With the Samsung Galaxy Note 10 launching soon there is a lot of hype building up for it as well as multiple leaks.

The new phone (are phablets a thing anymore?) is expected to launch with the new Exynos 9825 chipset which is effectively an overclocked Exynos 9820.

It is believed that Samsung will follow their usual trend of launching two variants for different markets. EU will likely get the Exynos 9825 but it is thought that the US may get the newly announced Qualcomm Snapdragon 855 Plus.

At the moment there is conflicting information on this, there have been leaked benchmarks indicating the normal Snapdragon 855, but it would also seem odd for Samsung to launch one version with a new more powerful chipset then keep the older chipset at the same time the Snapdragon 855 Plus has just been announced.

If they do launch it with the normal SD855 there will be quite a bit of difference in performance between the two variations.

If we pretend/hope/pray that the SD855+ variant gets launched then two Geekbench scores have recently leaked that may give an idea of the performance we will see.

One with the Samsung running an Exynos 9825 SoC mated to 8GB RAM and then also recently a ROG Phone 2 which uses the Snapdragon 855+ though this is paired with 12GB of RAM.

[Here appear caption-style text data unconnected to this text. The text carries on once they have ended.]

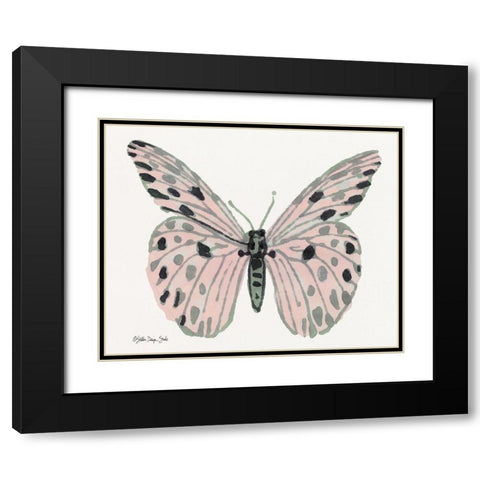Butterfly 6 Black Modern Wood Framed Art Print with Double Matting by Stellar Design Studio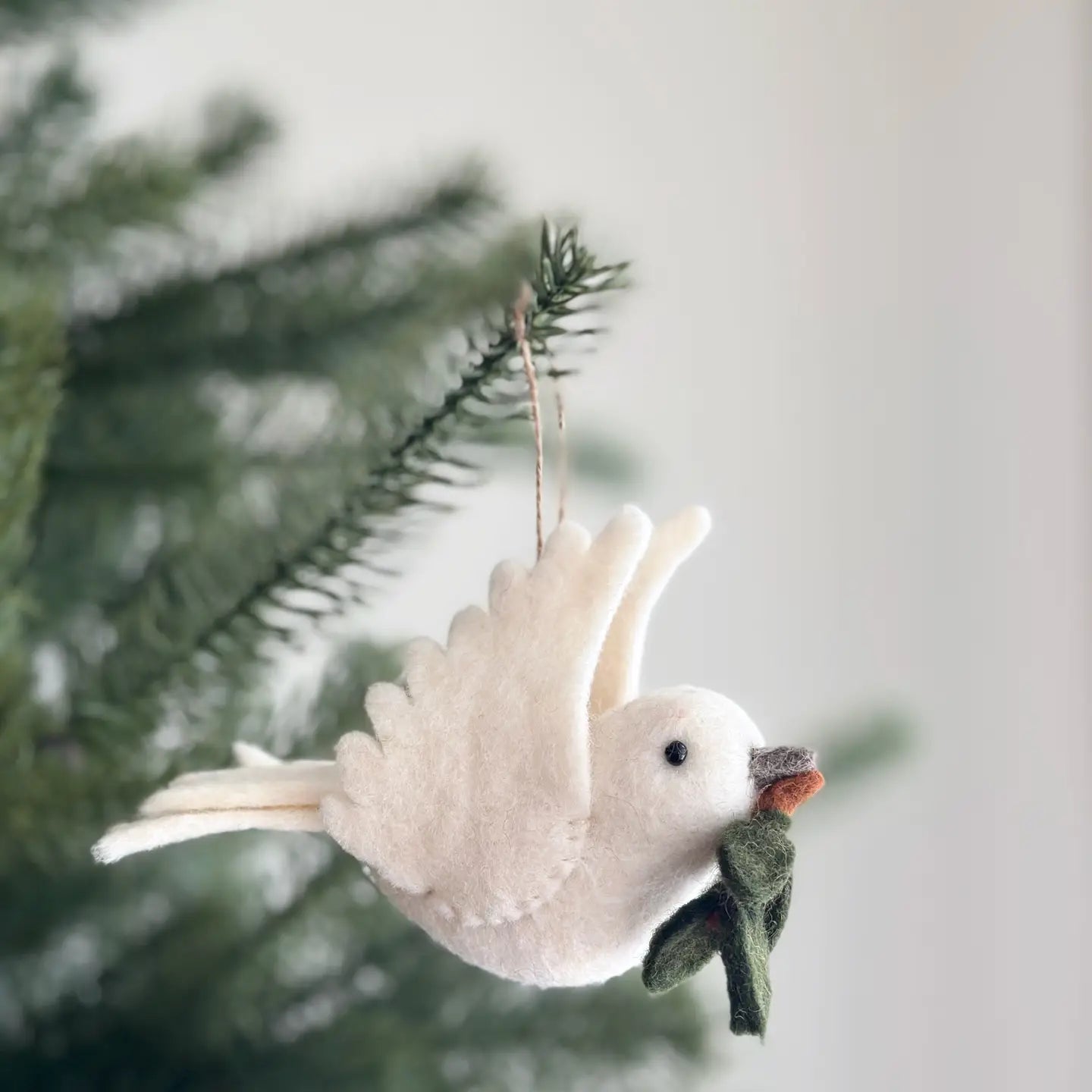 Felt Dove with Olive Twig Ornament
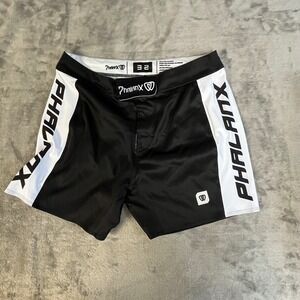 Phalanx Grappling MMA Shorts Men 32 Black White BJJ Combat Training Trunks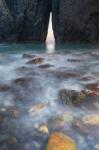 Ocean Spray Over Lichen Covered Rocks At Arch, Harris Beach State Park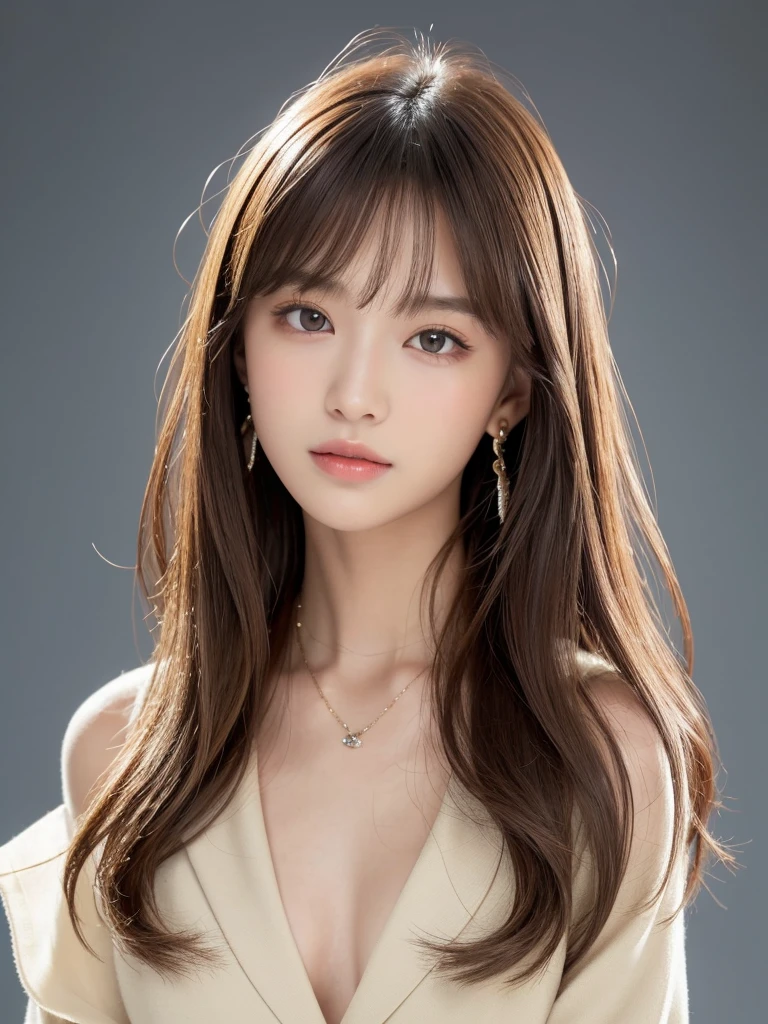 ((Highest quality, 8k, masterpiece:1.3)), concentrate: 1.2, Perfect body beauty: 1.4, Hips: 1.2, ((Long Hair, chest: 1.2)), (Dry clothes: 1.1) , (clear, Simple Background:1.3), Simple clothes: 1.1, Highly detailed face and skin texture,Delicate eyes, double eyelid, Whitened skin, Rough skin、Long Hair、Earrings with bangs、necklace、 solo、Beige coat、White shirt, (((Beautiful girl with cute Japan)))、 ((Beautiful Japanese girl 20 years old))、 ((Baby Face))、 (((Slender body)))、 Upper Body,Face focus、necklace,Simple Background,From above, Realistic Hair、 A photograph was taken:Canon EOS R6、135mm、1/1250 seconds、f2.8、ISO400、(Detailed explanation of the hand)、(Masseter muscle area)、(Exquisite CG)、Long Hair, loose and curly hair、Korean Hair、Long Hair明るいベージュ色、グラデーションハイライトグレージュのゆるふわLong Hairスタイル、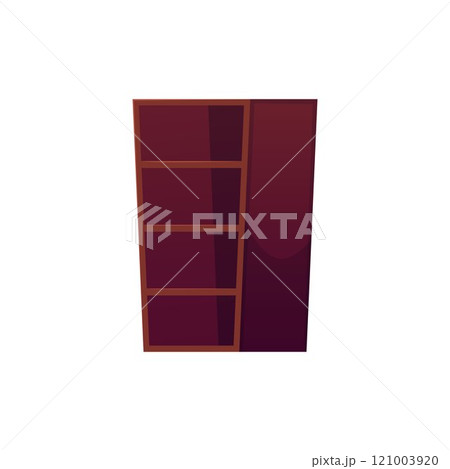 Wardrobe, wooden closet flat icon, furniture store brown cupboard, cabinet shelves, bunker rack, vector timber interior 121003920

Due to the RAM differences and different manufactueres, the comparisons are not 100% accurate but we can get an idea of how they compare.

The Exynos 9825 manages to score an impressing single-core score of 4495 and then a multi-core score of 10223. In comparison, the Galaxy S10+ with its Exynos 9820 is listed with a single-core score of 4357 and the multi-core score of 10045 points. 

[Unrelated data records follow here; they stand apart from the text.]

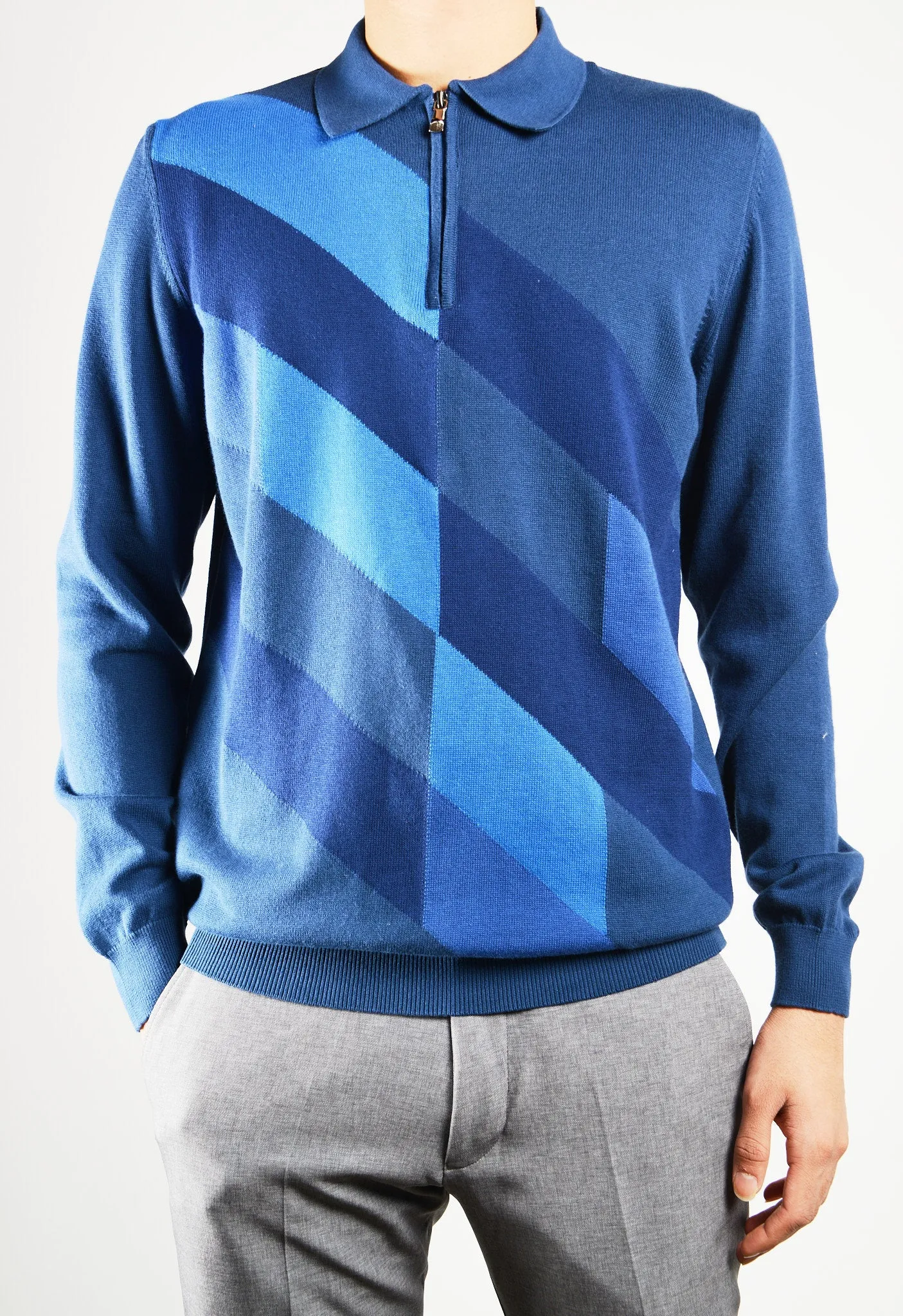 DT 1/4 Zip Diagonal Check Polo Ls
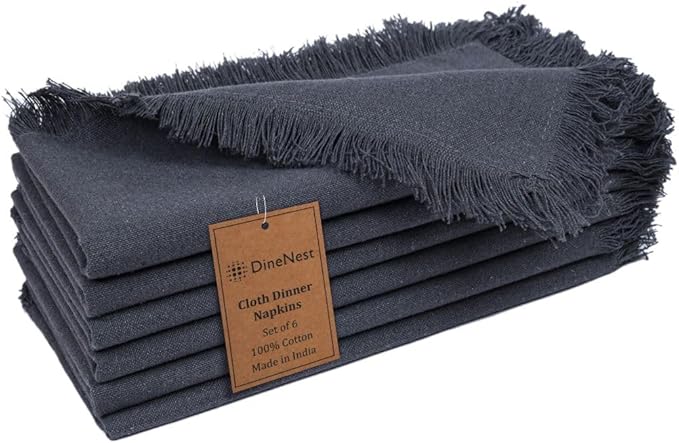 Cloth Dinner Napkins Fringes 20x20 Inch 100% Cotton Set of 6 - for Dining Special Occasions Wedding Holidays Easter - Soft Durable Washable - Elegant Table Cloth Napkins Charcoal Grey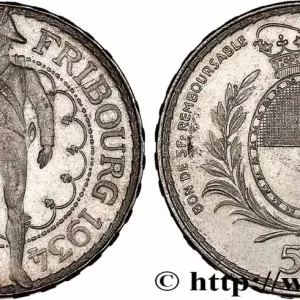 SUISSE 5 Francs, monnaie de Tir, Fribourg 1934 Le Locle fwo_753644 Monde Promotion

At the moment we don’t know how the Exynos 9825 differs exactly from the Exynos 9820. The benchmarks list a base frequency of 1.95 GHz but this is what is used by the smaller cores and it is likely the powerful cores that are overclocked.

The current Exynos 9820 SoC integrates three clusters of processor cores with different architectures. Two big Samsung custom M4 cores clock up to 2.7 GHz and deliver peak performance. Two additional ARM Cortex-A75 cores are also for performance tasks and clock at up to 2.3 GHz. Finally, four small and power-efficient ARM-Cortex A55 cores clock at up to 1.9 GHz are in the third cluster. 

The Snapdragon 855+ on the ROG Phone 2 scores a much lower single-core speed of 3616 but then surpasses it with the multi-core performance with 11103. The SD855+ is the same as the normal SD855 but one “prime” core running at 2.96GHz (up from 2.84GHz), three other big cores (the A76-based Kryo 485 Gold) at 2.42GHz and then the four small cores.

The current fastest Android phone on Geekbench is the Black Shark 2 which has the normal Snapdragon 855 and has a score of 3428 for single-score and 10771 multi-core points.